In truth, I’m working two recovery programs right now. The harder of the two, really, is controlling my spending — and understanding the compulsions that drive it.

Making a beginning

Step Six notes that, “As [alcoholics] are humbled by the terrific beating administered by alcohol, the grace of God can enter them and expel their obsession …. But most of our other difficulties don’t fall under such a category at all” (64).

The trouble with applying recovery principles to our other character defects is that we still have to do many of them in the course of normal living. We still need to eat, to buy things, to strive for success at work, to be in relationship with others, and so on.

Unlike stopping drinking, we can’t really stop everything else.

Two other problems arise at this point, as Step Six explains. First, we actually love some of our defects; and second, eliminating all of our character defects would be perfection, and no one’s capable of that.

Help me, but not yet

According to Wikipedia,

As a youth [St.] Augustine lived a hedonistic lifestyle for a time, associating with young men who boasted of their sexual exploits. The need to gain their acceptance forced inexperienced boys like Augustine to seek or make up stories about sexual experiences.

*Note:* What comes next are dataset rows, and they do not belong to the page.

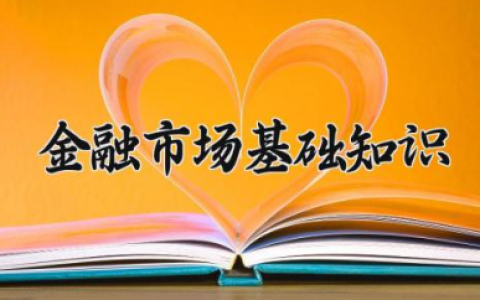 金融市场基础知识 金融市场分为哪四大类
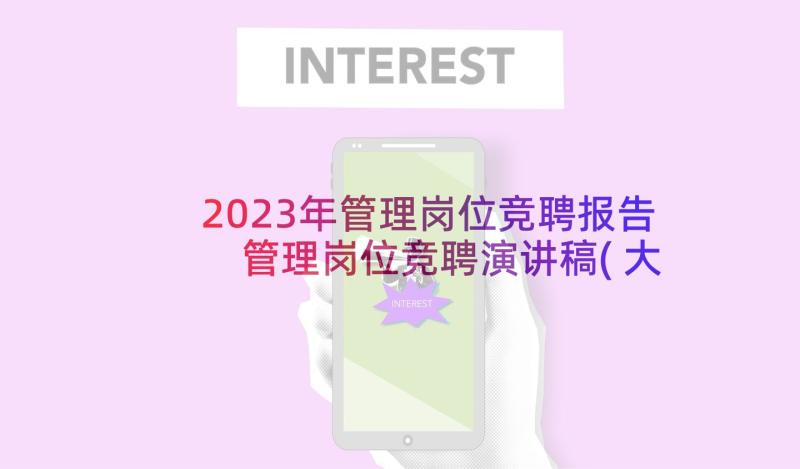 2023年管理岗位竞聘报告 管理岗位竞聘演讲稿(大全10篇)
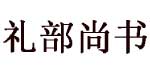 中山礼部尚书文化发展有限公司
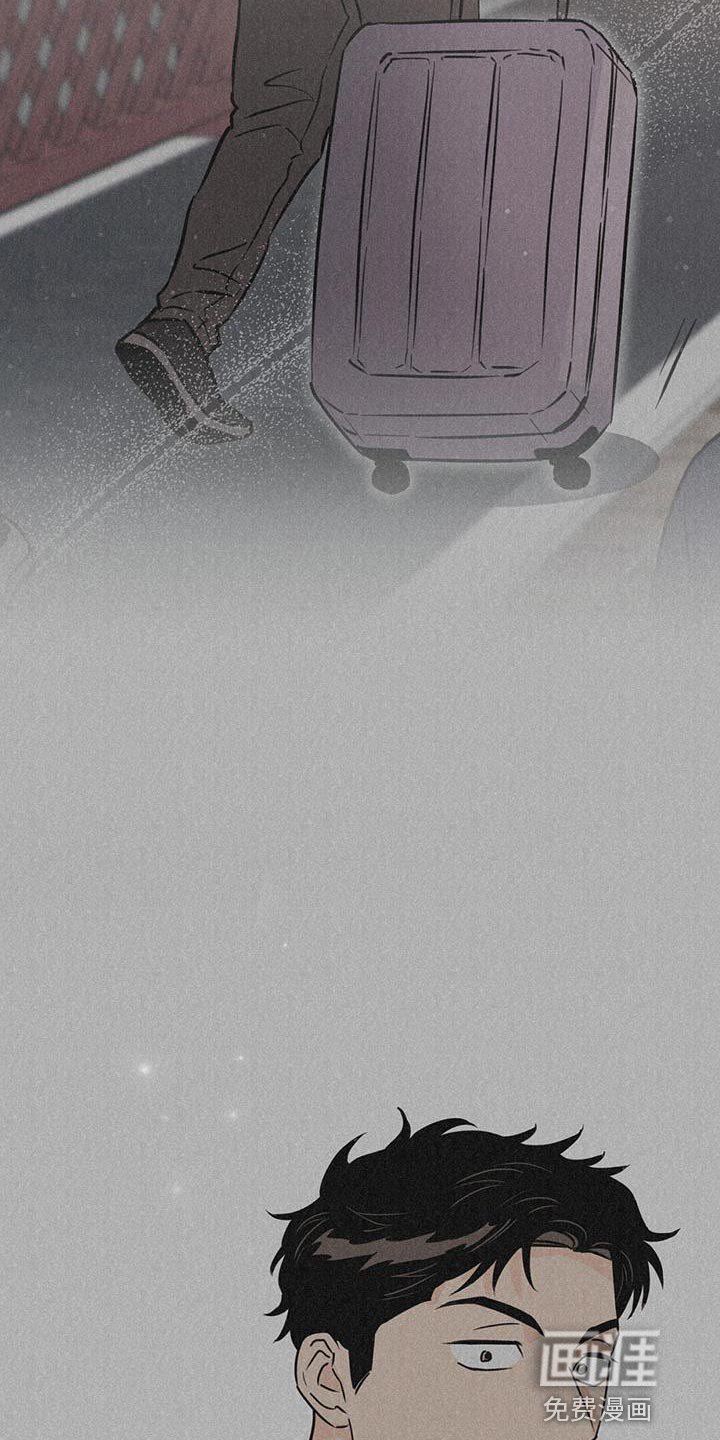 第130章：【第三季】好幸福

It was during this period that he uttered his famous prayer, “Grant me chastity and continence, but not yet.”

Step Six puts it slightly differently in a long passage, but the wisdom is the same. How do these observations tally with your experience?

What we must recognize now is that we exult in some of our defects. We really love them. Who, for example, doesn’t like to feel just a little superior to the next fellow, or even quite a lot superior? Isn’t it true that we like to let greed masquerade as ambition? ….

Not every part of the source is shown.